§ INSTRUCTIONS TO FOLLOW
Give back, exactly and with nothing else, the lines running from the one that contains "大气红色青年文明号工作总结计划汇报PPT" to the end of the entries below; do not include pictures.

INFORMATION PROVIDED: Begin

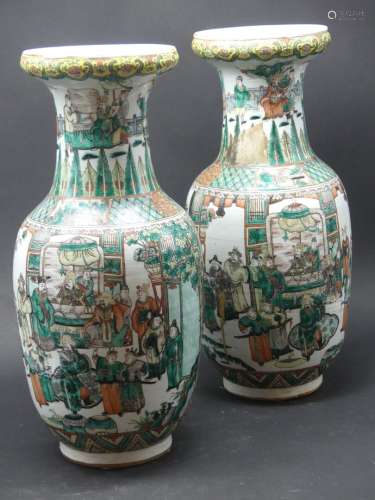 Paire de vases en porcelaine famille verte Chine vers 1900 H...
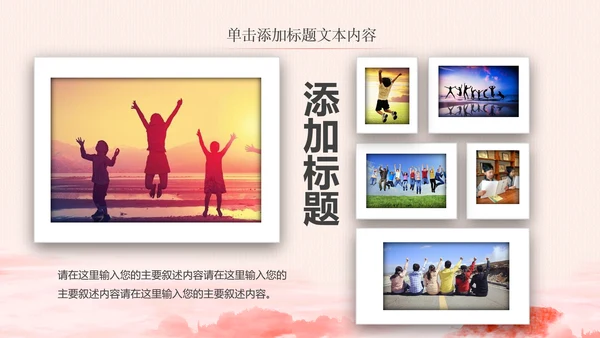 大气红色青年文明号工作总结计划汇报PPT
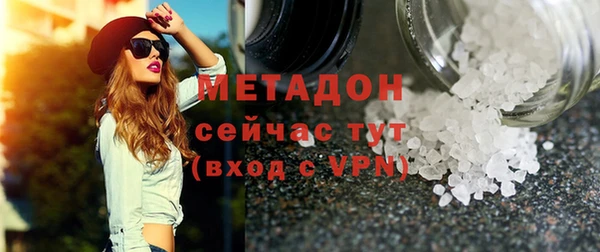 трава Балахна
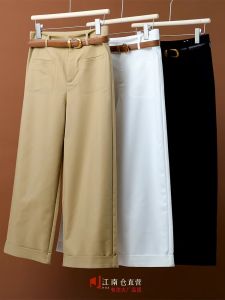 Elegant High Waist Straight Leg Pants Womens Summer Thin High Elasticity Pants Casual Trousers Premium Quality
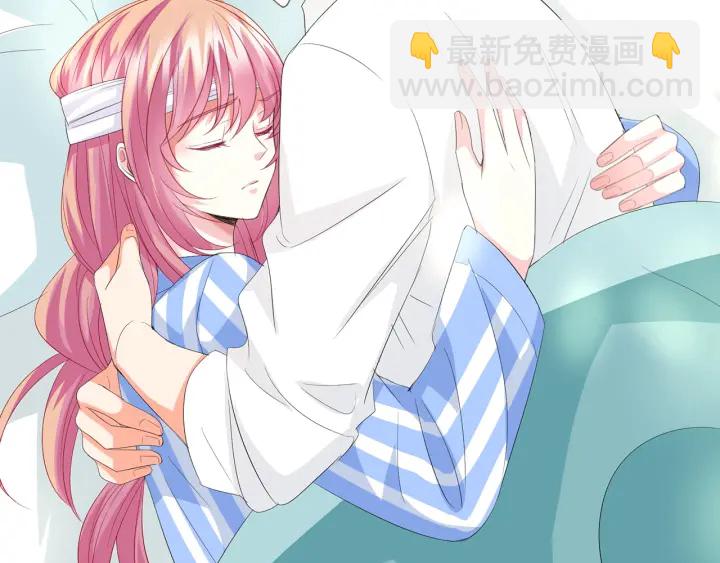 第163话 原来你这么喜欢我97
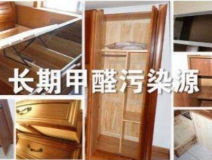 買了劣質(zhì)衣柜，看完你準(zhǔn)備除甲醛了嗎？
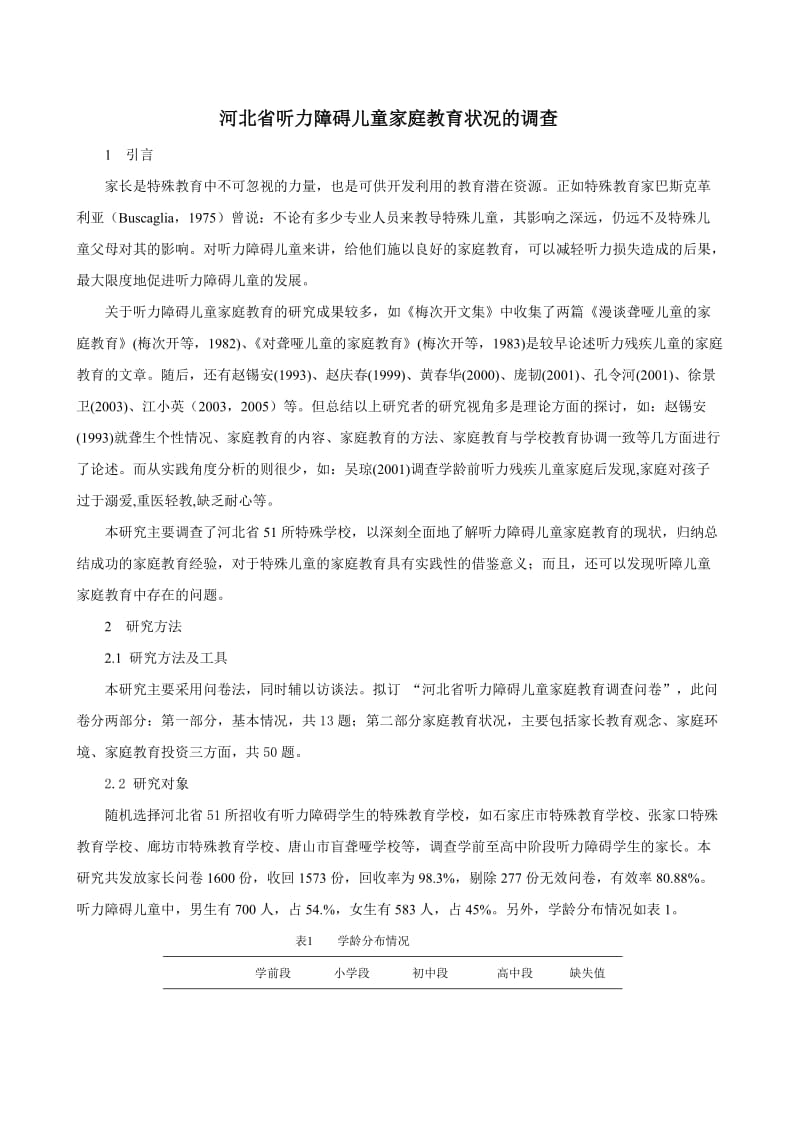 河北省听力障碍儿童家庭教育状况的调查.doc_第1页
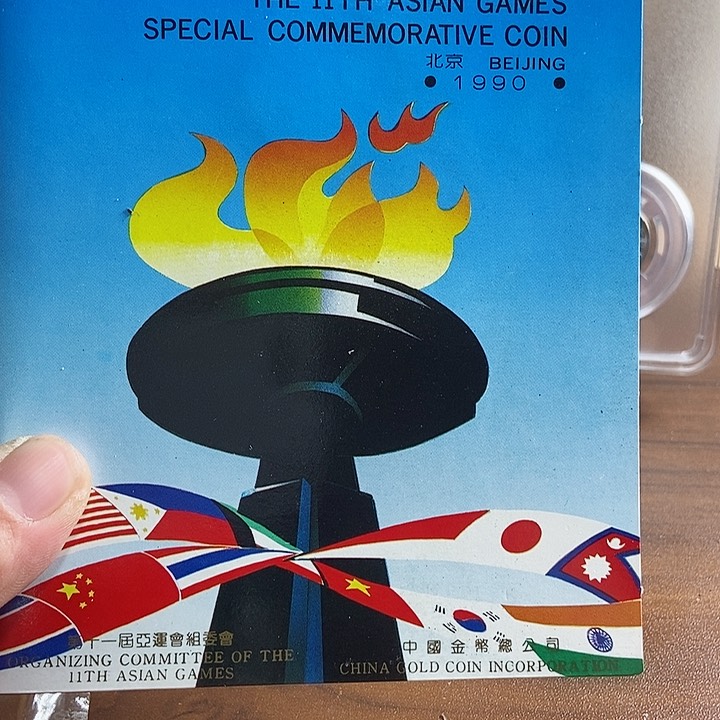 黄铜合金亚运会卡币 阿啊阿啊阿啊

INFORMATION PROVIDED: End

§ SOLUTION TO THIS TASK
 大气红色青年文明号工作总结计划汇报PPT
 трава Балахна
 Elegant High Waist Straight Leg Pants Womens Summer Thin High Elasticity Pants Casual Trousers Premium Quality
 第163话 原来你这么喜欢我97
 買了劣質(zhì)衣柜，看完你準(zhǔn)備除甲醛了嗎？
 河北省听力障碍儿童家庭教育状况的调查.doc_第1页
 黄铜合金亚运会卡币 阿啊阿啊阿啊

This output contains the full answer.